Baba Danpullo, le "conseiller en risques" du régime Biya face aux opposants
Jeune Afrique dévoile le rôle méconnu de l'homme d'affaires dans la gestion des dissidences politiques
L'influent homme d'affaires Baba Ahmadou Danpullo serait bien plus qu'un simple patron prospère du Nord-Ouest camerounais. Selon des révélations exclusives de Jeune Afrique, le milliardaire jouerait un rôle discret mais crucial dans la gestion des velléités d'opposition au régime de Paul Biya, comme l'illustre sa rencontre avec Issa Tchiroma Bakary avant la présidentielle d'octobre dernier.
Un intermédiaire entre le pouvoir et les contestataires potentiels
Jeune Afrique révèle que Baba Danpullo occupe une position unique dans l'architecture du pouvoir camerounais. Proche du président Paul Biya, l'homme d'affaires dispose d'une crédibilité auprès des élites régionales, particulièrement dans le Septentrion et les régions anglophones, qui en fait un interlocuteur privilégié pour les figures tentées par l'opposition.
Dans le cas de Tchiroma Bakary, les informations exclusives recueillies par Jeune Afrique montrent que Danpullo n'a pas agi en simple observateur. Lors de leur rencontre, il a déployé une argumentation structurée autour des "risques sécuritaires, économiques et politiques" d'un affrontement avec Paul Biya, particulièrement pour le Septentrion.
Jeune Afrique rapporte que l'approche de Danpullo auprès de Tchiroma Bakary était finement calibrée. Plutôt que de défendre frontalement le régime, l'homme d'affaires a insisté sur les conséquences potentiellement dévastatrices d'un conflit politique pour les régions du Nord. Un angle d'attaque qui vise à transformer une question de loyauté politique en calcul rationnel d'intérêt régional.
Cette stratégie de dissuasion, révélée par Jeune Afrique, s'appuie sur la crainte de "fractures régionales" et de "fortes tensions avec Yaoundé". En d'autres termes, Danpullo a mis en avant le risque d'une marginalisation économique et politique du Septentrion en cas d'opposition frontale au pouvoir central.
Un élément crucial révélé par Jeune Afrique éclaire les motivations de Danpullo dans cette démarche : l'homme d'affaires serait engagé dans un "bras de fer judiciaire dans lequel le soutien de Yaoundé est important". Cette information capitale explique pourquoi Danpullo avait tout intérêt à préserver ses bonnes relations avec le pouvoir et à démontrer son utilité au régime.
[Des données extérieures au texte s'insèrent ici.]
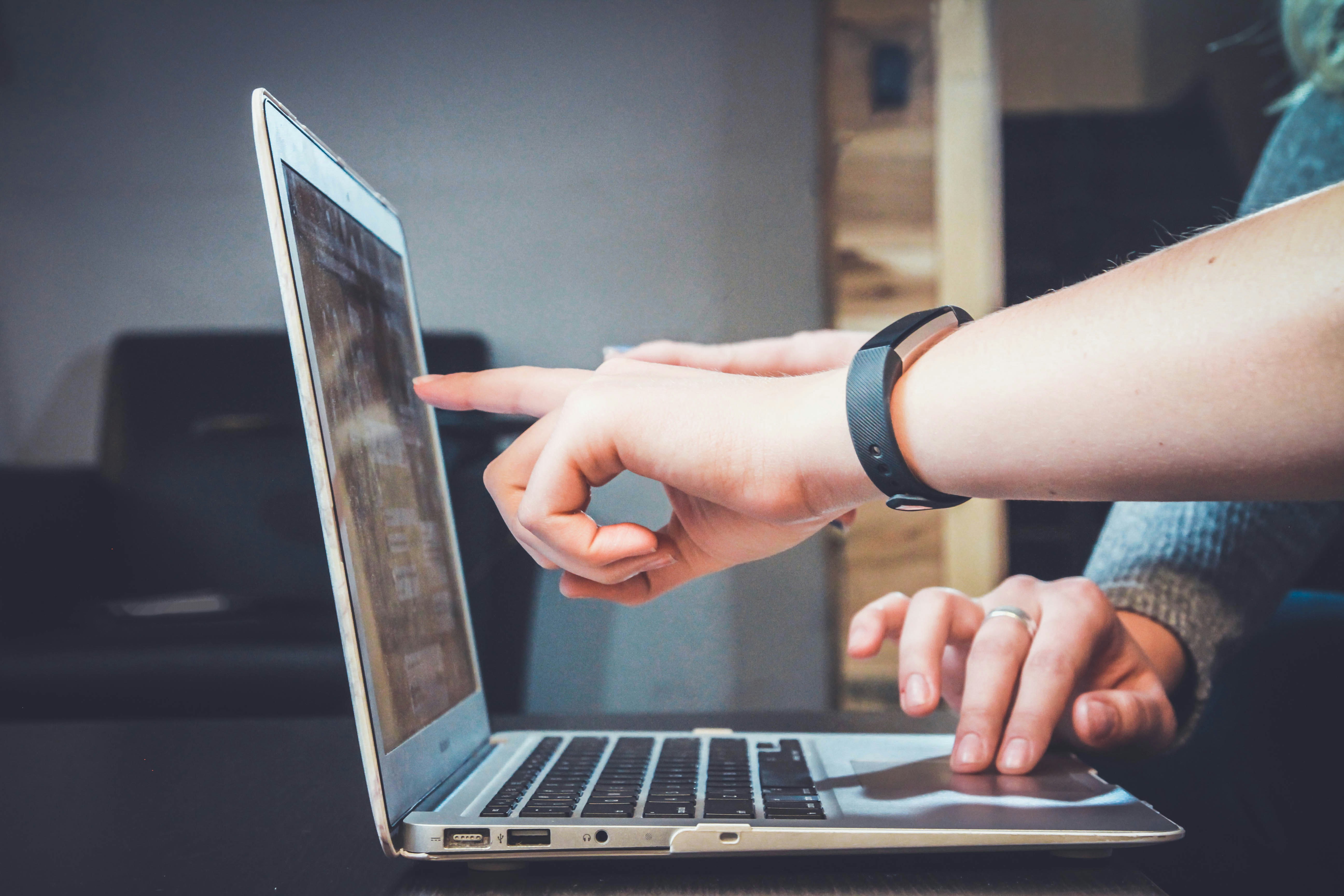 Persons Pointing on a Laptop - Customer Journey Management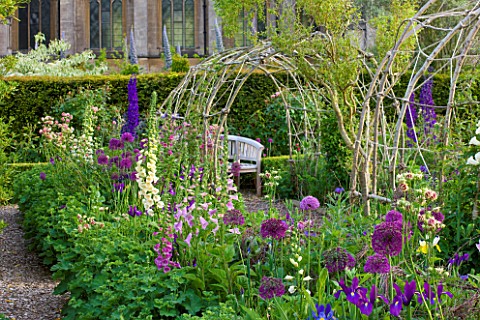 ARUNDEL_CASTLE_GARDENS__WEST_SUSSEX_THE_COLLECTOR_EARLS_GARDEN_VIEW_ALONG_BORDER_WITH_ALLIUMS_AND_FO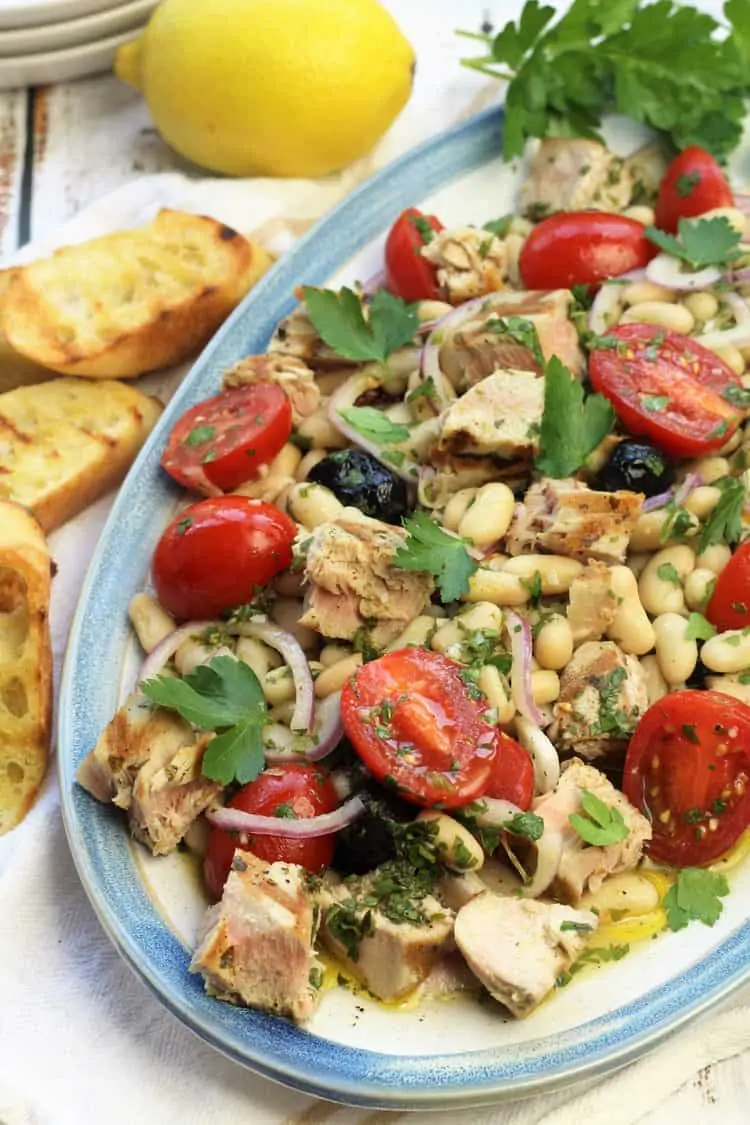 oval platter with grilled tuna and white bean salad surrounded by crusty bread and lemon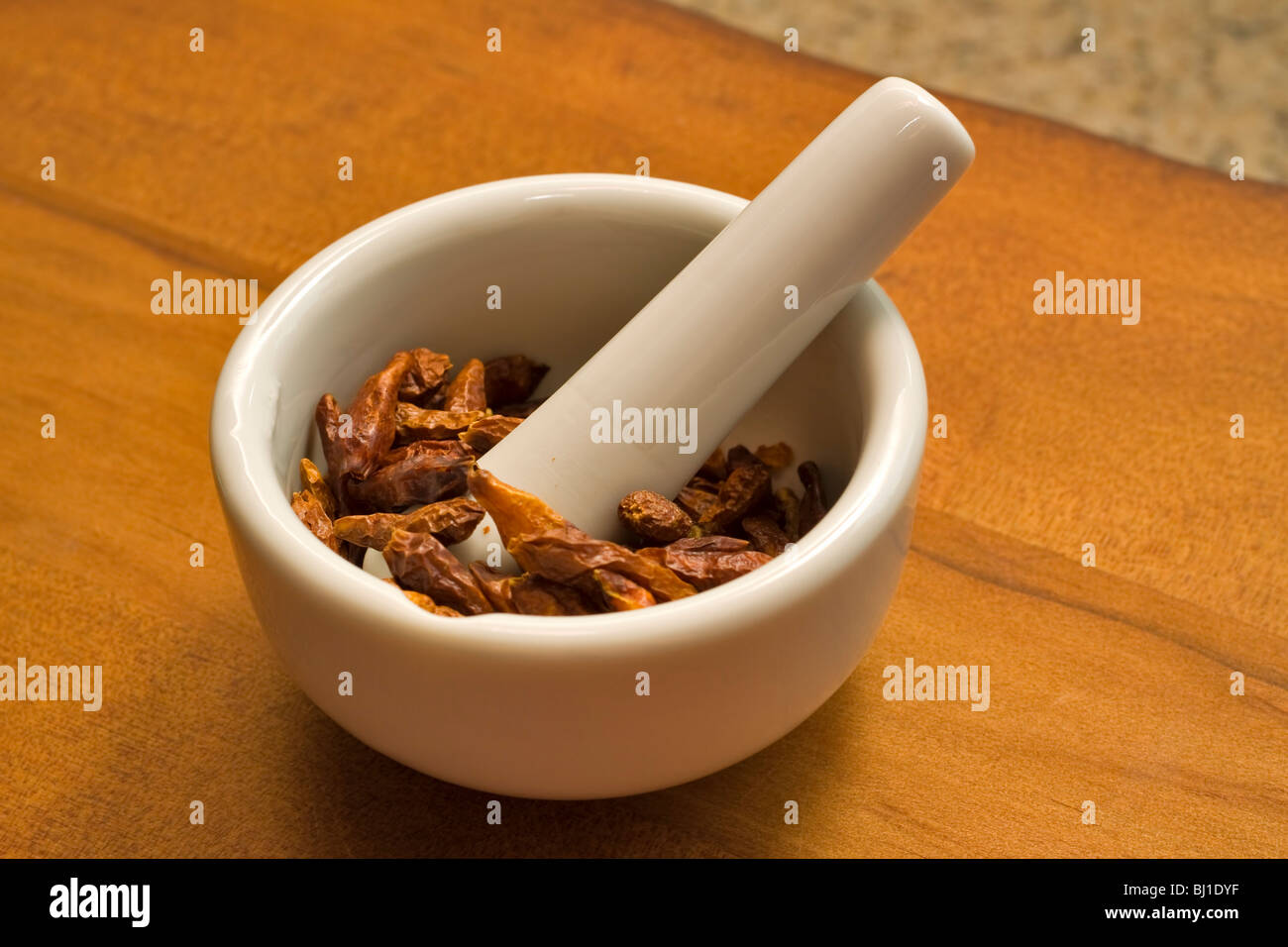 Dried whole cayenne peppers in a mortar and pestle Stock Photo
Selon Jeune Afrique, cette situation place Danpullo dans une position de dépendance vis-à-vis du pouvoir central, faisant de lui un allié particulièrement motivé pour dissuader toute velléité de contestation susceptible de compliquer ses propres affaires.
L'enquête de Jeune Afrique révèle un mécanisme plus large de gestion de l'opposition au Cameroun. En s'appuyant sur des figures économiquement influentes comme Danpullo, le régime de Paul Biya dispose d'un réseau de "conseillers informels" capables d'intervenir en amont auprès des opposants potentiels.
Cette stratégie présente plusieurs avantages pour le pouvoir : elle permet d'identifier précocement les menaces politiques, de les neutraliser par la persuasion plutôt que par la répression, et de maintenir l'illusion d'un dialogue entre élites. Jeune Afrique souligne que ce système repose sur l'interconnexion entre pouvoir politique et réseaux économiques.
Malgré les efforts de Danpullo, Jeune Afrique rapporte que Tchiroma Bakary n'a pas renoncé à sa candidature. Cet échec de la mission de dissuasion pourrait avoir des conséquences pour l'homme d'affaires lui-même, dont l'influence auprès du pouvoir dépend de sa capacité à "gérer" les dissidences régionales.
Plus largement, les révélations de Jeune Afrique sur cette rencontre illustrent les limites de cette stratégie de cooptation. Face à des opposants déterminés, prêts à sacrifier leurs intérêts économiques pour leurs convictions politiques, même les intermédiaires les plus influents peinent à infléchir les trajectoires de contestation.
L'enquête exclusive de Jeune Afrique sur le rôle de Baba Danpullo ouvre une fenêtre sur les mécanismes informels du pouvoir camerounais. Elle révèle un système où les frontières entre économie et politique sont poreuses, où les hommes d'affaires jouent des rôles politiques officieux, et où la loyauté au régime se négocie en fonction d'intérêts personnels et régionaux.
Cette réalité, mise en lumière par Jeune Afrique, soulève des questions fondamentales sur la gouvernance au Cameroun et sur les véritables leviers du pouvoir dans un système où les réseaux d'influence comptent souvent plus que les institutions formelles.